• _EXERCISE DATA_

:::::

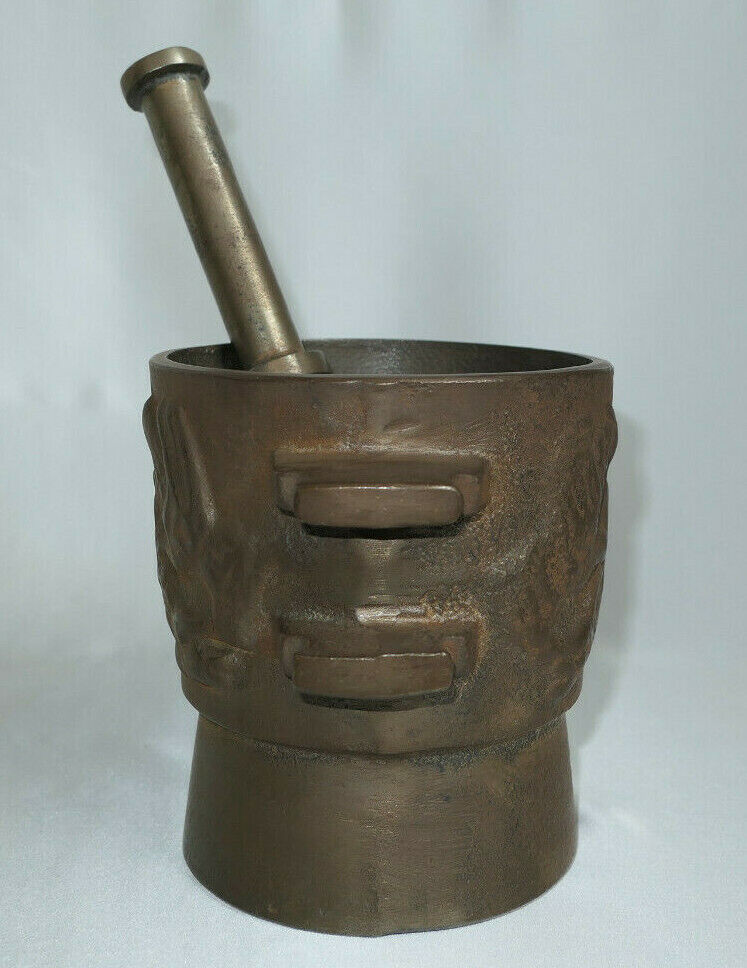 OLD CAST IRON MORTAR AND PESTLE WITH GRIFFON DECOR APOTHECARY PHARMACY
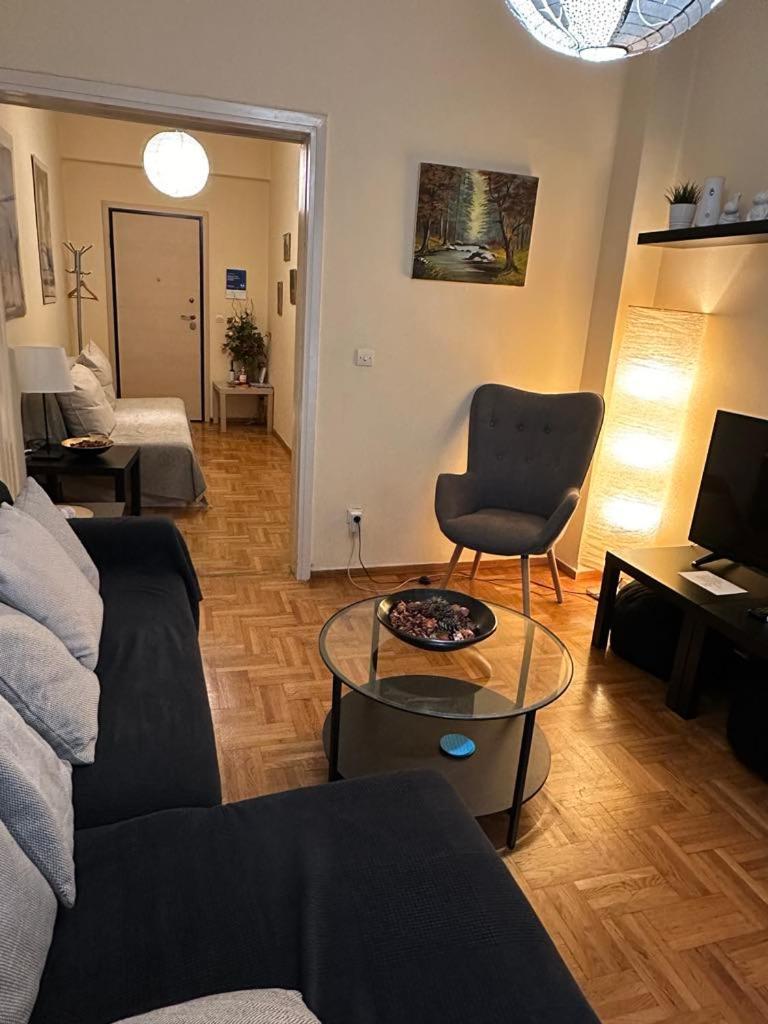 Renovated Cozy Near To Acropolis Apartment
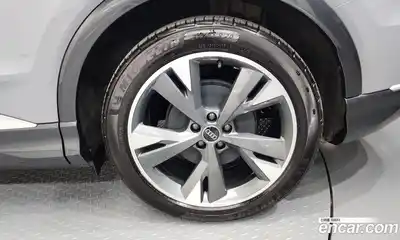 Audi Q4 e-tron 2023 0.2 гидро в Москве № 2131183, миниатюра 7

:::::

• _EXERCISE OBJECTIVE_
Once the pictures are set aside, output the whole listing exactly.

• _SOLUTION TO THIS EXERCISE_
 OLD CAST IRON MORTAR AND PESTLE WITH GRIFFON DECOR APOTHECARY PHARMACY
 Renovated Cozy Near To Acropolis Apartment
 Audi Q4 e-tron 2023 0.2 гидро в Москве № 2131183, миниатюра 7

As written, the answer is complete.